On the eve of the first Euroleague playoffs in the new league format, let’s take a trip into the archives for some trapezoidal back story and retro fun. There is so much prior entanglement between this year’s protagonists, whether a past matchup between clubs, or head coaches clashing in a past life.
CSKA Moscow vs Baskonia
In the 2005 Final Four in Moscow, Tau Ceramica upset CSKA 85-78 in the semi-final. Arvydas Macijauskas top scored with 23 points, Jose Calderon chipped in with 13, Pablo Prigioni gave out five assists – not forgetting Andy Betts representing Britain in the Final Four, the last player to do so.
JR Holden put up 20 in a losing effort for Dusan Ivkovic’s CSKA, with 12 for Marcus Brown. This was TAU’s golden era but they couldn’t quite get it done in the final against Maccabi Tel Aviv.
CSKA got their revenge three years later in Madrid, knocking TAU out of final contention, 83-79. Ramunas Siskauskas and David Andersen top scored for the victors, while TAU led by Igor Rakocevic and Tiago Splitter stumbled in the Final Four for the four year in a row.
It was hard not to remember that run of ‘nearly but not quite’ as Baskonia, now shorn of the iconic Tau Ceramica identity, just missed out on making a surprise visit to the Final in Berlin last May. Now they have one of their historical nemeses in the way of an even bigger shock return to the big show.
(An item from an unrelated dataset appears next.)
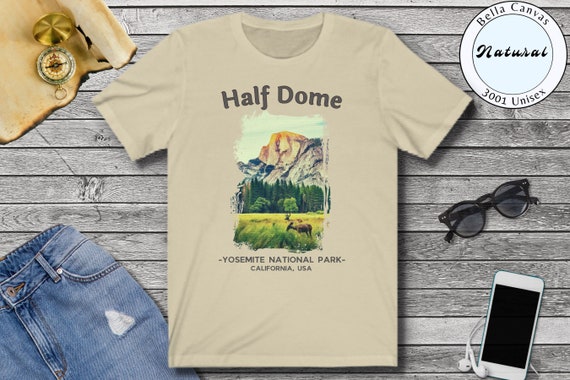 Vintage Yosemite National Park Half Dome Retro Graphic T-Shirt Vintage Yosemite National Park Half Dome Retro Graphic T-Shirt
Panathinaikos vs Fenerbahce
These two have never matched up in Euroleague playoffs, but their head coaches know each other very well indeed. Current Panathinaikos chief Xavi Pascual took his Barcelona into the 2011 series with Zeljko Obradovic’s PAO with homecourt advantage. Not to mention the Catalan club was the reigning champion, with a late-prime Juan Carlos Navarro, Ricky Rubio in his final season in Europe and the core of the team that won the title in Paris a year earlier. The Greens were, it turned out, en route to their fifth Euroleague crown under Zoc, the sixth overall.
This series saw the emergence of a young Nick Calathes – back when he had hair – alongside the legend Dimitris Diamantidis, as the Greens’ relentless defense in one of the most physically punishing series in recent memory made the difference.
Barcelona took Game 1 at home, before PAO broke serve in Game 2, coming back from 16 points down to take the split, behind 17 points from Diamantidis. Back at OAKA, Obradovic’s squad finished the job, taking the series 3-1.
By the way, 20,000+? I’d take the over…
Olympiacos vs Anadolu Efes
As we mentioned in our Playoff Preview Podcast Part 2, these two matched up in 2013, in a series that went all five games. It took a fourth quarter fightback in the decider at Peace and Friendship for the defending champions Olympiacos to make it to back to back Final Fours. Of course they made it two in two in London, with another shock-and-awe comeback over Real Madrid.
Going further back into history, it only seems fair to show one where Efes Pilsen (as they were) came out on top. Merely a Regular Season game back in 2004/05, but an emphatic 110-59 victory. Henry Domercant, Willie Solomon and Nikola Prkacin led Oktay Mahmuti’s Efes (not forgetting friend-of-ELA Ermal Kuqo). Efes Pilsen made it to the playoffs that year, eventually losing to Panathinaikos. It wasn’t a classic era in Piraeus, with the Reds bowing out of the Regular Season at 4-10.
Real Madrid vs Darüşşafaka Doğuş
Darüşşafaka SK played in the Korac, Saporta and ULEB Cups in the early 2000s, before the recent Doğuş-group backed incarnation made its Euroleague debut last season. But of course, current Daçka head coach David Blatt knows a little something about Pablo Laso’s Real Madrid, crowning themselves Euroleague champions in 2014 in Milano. As if the semi-final victory over CSKA Moscow wasn’t dramatic enough, the overtime win in the final was one of the biggest championship upsets in recent memory.
Blatt’s Maccabi played virtually a four-guard lineup at times, and threw the high-octane Madrid offense out of rhythm with a crazy mix of match-up zone defenses. He might need to delve into that bag of tricks again this season to stop another high-powered attacking team led by Laso.